E. Geographic Area Can Take a Cost Out of “Focused” Standing
As proposed, the cost restrict described above wouldn’t apply the place a State’s fee-for-service cost methodology laid out in its State plan is uniform for all taking part practitioners or suppliers statewide, or uniform inside a county, parish, borough or different municipality ‒ supplied that the county, parish, borough or different municipality is referenced within the cost methodology specified within the State plan.
Nonetheless, this area boundary requirement is strict. CMS makes clear {that a} State can’t outline a “particular objective district” solely for rate-setting functions, and can’t use a pre-existing non-political district (CMS particularly calls out particular taxing districts for instance), except that district shares the identical boundaries as a county, parish, borough or municipality. A fee that’s uniform inside a State-defined geographic area whose boundaries don’t align with a county, parish, borough or different municipality could be handled as successfully focusing on a restricted variety of practitioners or suppliers and, in CMS’s phrases, “could be presumed to not be financial and environment friendly.”

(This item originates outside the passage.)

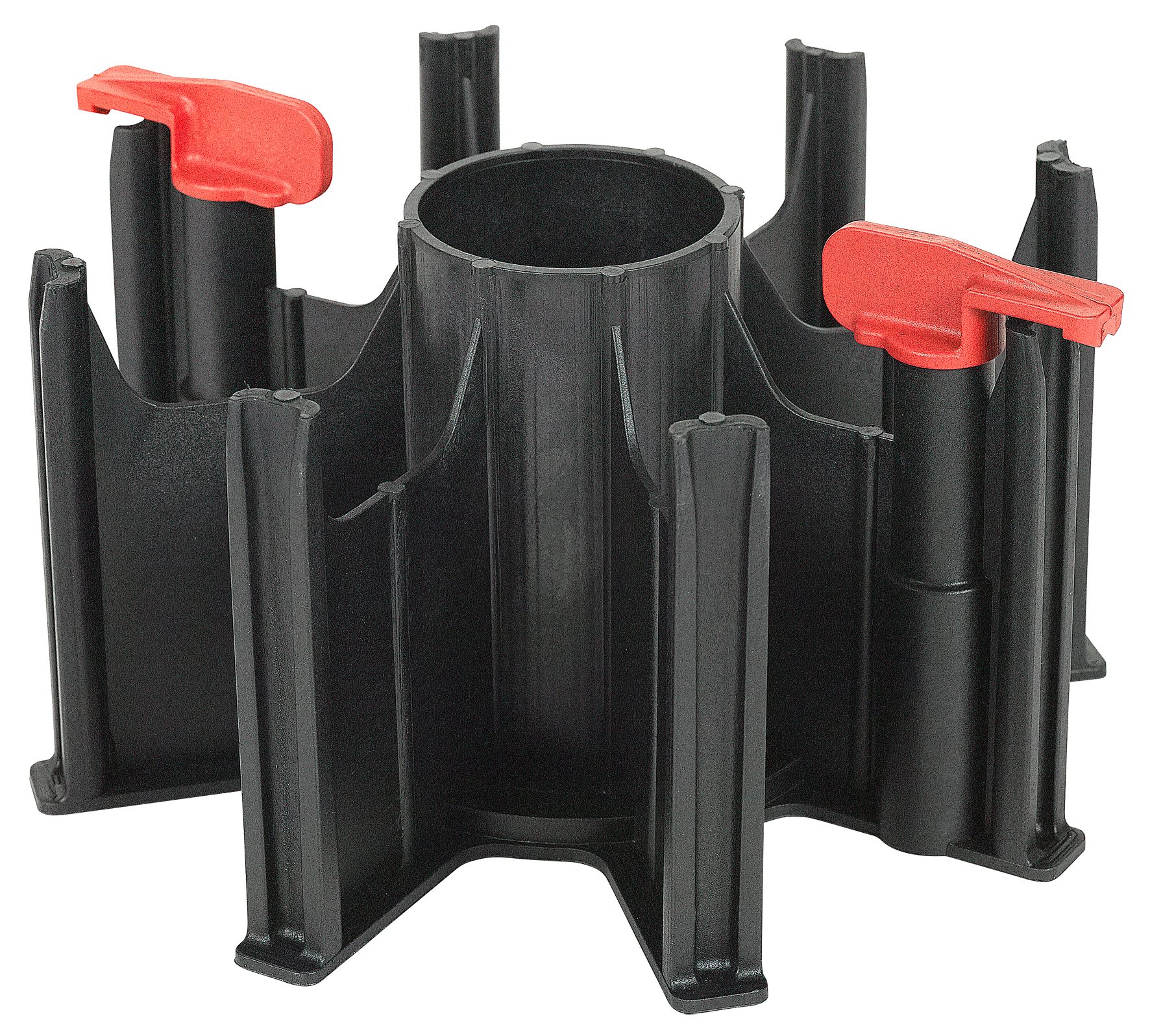 Schweissdrahtspule-Adapter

F. The State Plan and Transition Interval
CMS proposes {that a} State plan specify that focused fee-for-service funds are topic to the above-described cost limits. For an present State plan that at present authorizes focused funds exceeding the cost restrict (and to which no exception applies), the proposed rule would require that the State plan be introduced into compliance with an efficient date no later than the beginning of the primary State fiscal 12 months that begins on or after January 1, 2029.
III. Sensible Takeaways
Managed care stakeholders ought to be conscious that the proposed rule would apply cost limits to SDPs overlaying Medicaid companies past the 4 service classes expressly addressed by part 71116 of H.R. 1. States, plans and taking part suppliers ought to determine which present SDPs qualify as grandfathered, affirm the accredited whole greenback quantities and score durations supporting that standing and mannequin the phase-down that will start in 2028. They need to additionally consider how banning “uniform improve” kinds of SDPs, for brand spanking new and renewed non-grandfathered SDPs starting in 2028, would affect their SDP-related plans and monetary projections.

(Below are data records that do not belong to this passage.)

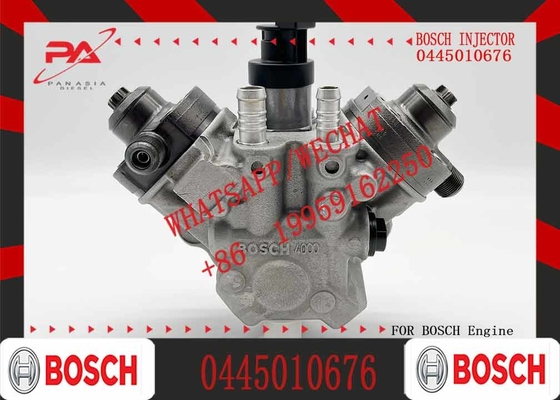 Common Rail Fuel Injection Pump 0445010507 0445010508 0445010543 0445010546 03L130755A 03L130851AX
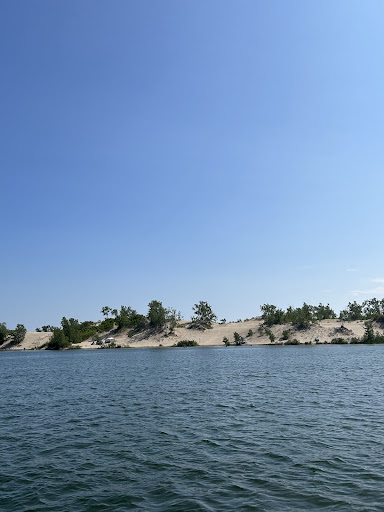 Dunes Boat Tours Gallery - Canada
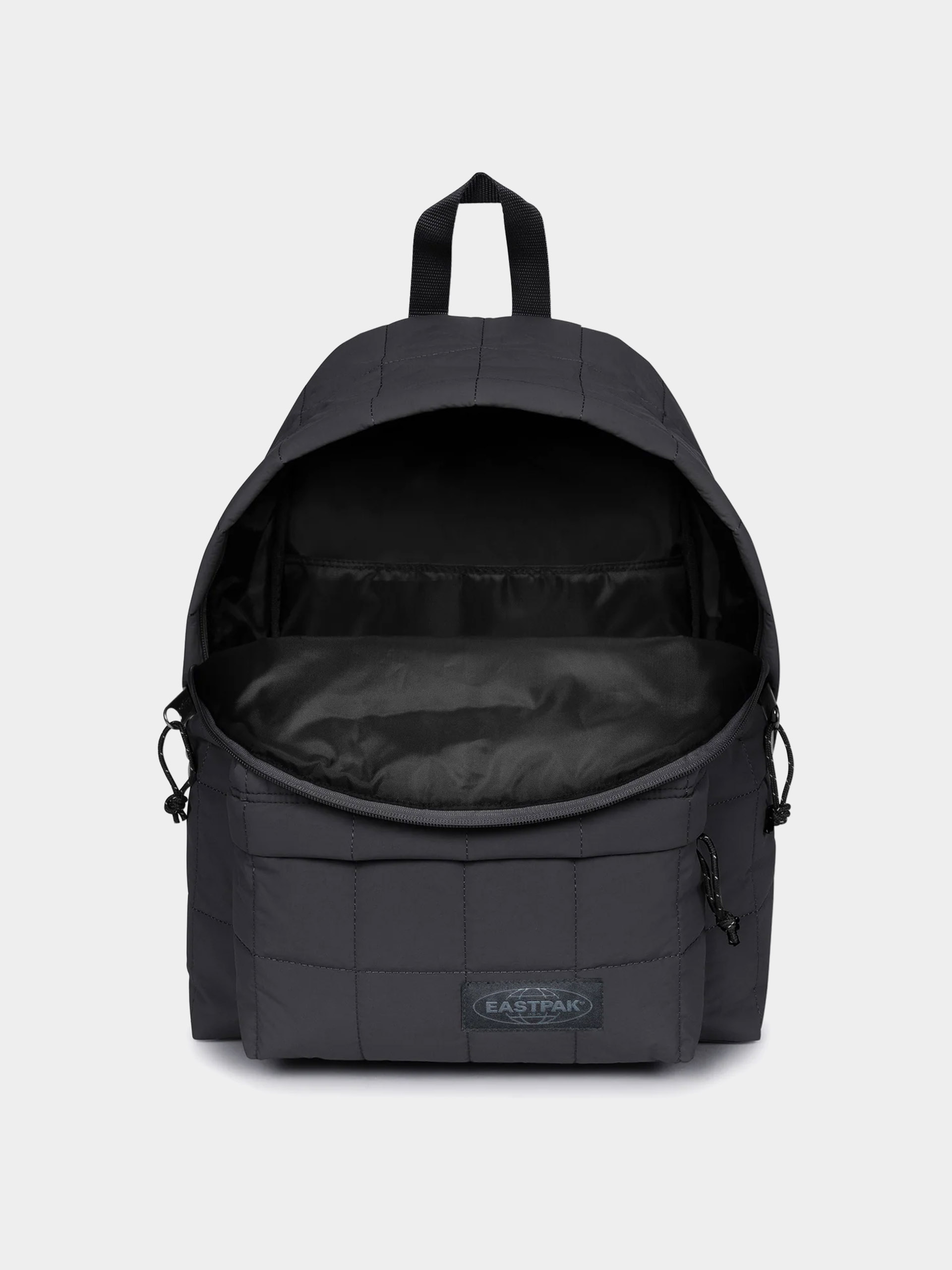 Rucsac Eastpak Padded Pak R (puff checks black)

Suppliers that depend on fee-for-service Medicaid funds ought to start inventorying which cost streams might be seen as “focused” beneath CMS’s proposed framework and testing these funds in opposition to the relevant Medicare benchmark. In sensible phrases, State college educating hospitals and tutorial medical facilities, different governmental hospitals and others that profit from narrowly drawn doctor or supplier cost methodologies, ought to assess whether or not the association matches inside an exception, whether or not the cost could be restructured to use extra broadly and what operational or finances affect would comply with if the State should revise its State plan by the primary State fiscal 12 months starting on or after January 1, 2029.